Mar 15, 2011

The mexican restaurant rule.

I live in Logan Square, which is sort of like the Mission in San Francisco: a bold, awkward mix of hipsters and Mexican immigrants. There are many taquerias in Logan Square. They are run by Mexican immigrants who came here and opened taquerias. One of them is on the block where I live. This is not special because there’s a taqueria on nearly every block in the neighborhood, but it is special because it’s open 24 hours, and because there is an awning. Here is the awning:

The awning.

It’s easy to find excellent Mexican food in Logan Square because the selection is so vast; if you don’t like one restaurant, you walk over to another block and eat there instead. Fine. This is doable. But it’s thrown out the window when you just had fifteen cans of Blatz, like a giant liquefacted misfortune, at the dive bar next door and it’s 3am and you just closed out the whole infamous grifted drinking town and oh my god, you now just fucking require tacos. Eight tacos. And, woe be your tilting drunk self, this restaurant is your only option. The food at this restaurant is terrible.

And so the awning. It reads “good mexican food.” The awning is a lie. Here is the mexican restaurant rule: if you have to declare something about yourself or your work, it’s not true.
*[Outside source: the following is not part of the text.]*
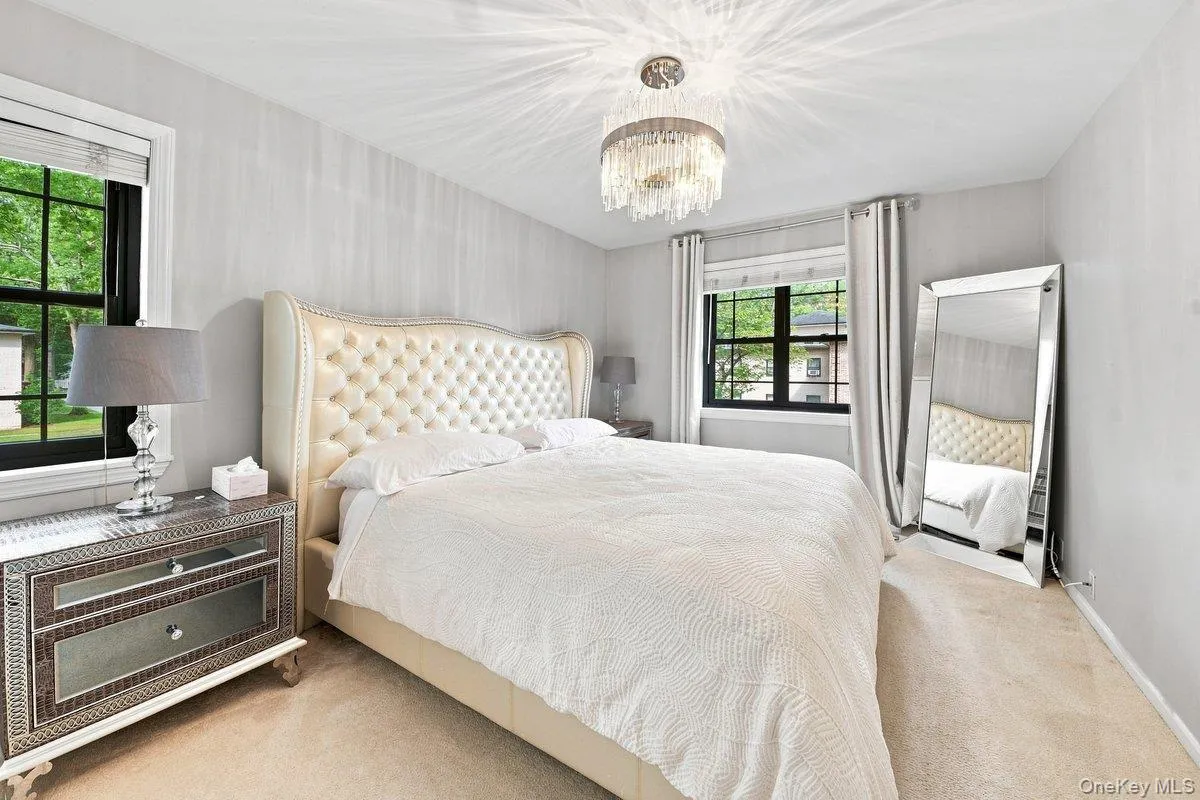 Spacious main bedroom with a double closet providing generous storage space. Spacious main bedroom with a double closet providing generous storage space.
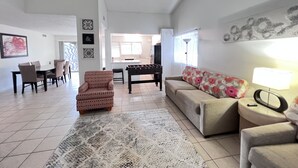 A spacious living room with a sofa, armchair, and a foosball table. - Big monthly discount. Professional travelers,relocating or just visiting. (Henderson)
This has implications outside the internecine, entrenched taqueria battles of Logan Square. Your software is simple, you say? Easy to use? That’s nice. Don’t say it. Your graphic design is beautifully expressive? Don’t say it. If you say it, you’re doomed. Your indie band’s press one-sheet says you’re sincere and emotive? That’s very interesting.

The mexican restaurant rule may be a thing because if you aren’t living the principles that you believe in, you start to talk about it, as if you’re trying to will it into being. But everybody can smell a fake, and this is a great way to come off as one. So I’ve found that the best way to promote quality is by showing it, and letting folks decide for themselves. People are smart; they don’t need hand-holding.

There are exceptions, of course, like any breakable guideline, but I think this holds true in enough circumstances to write about it on the fancy Internet, and that must be worth something.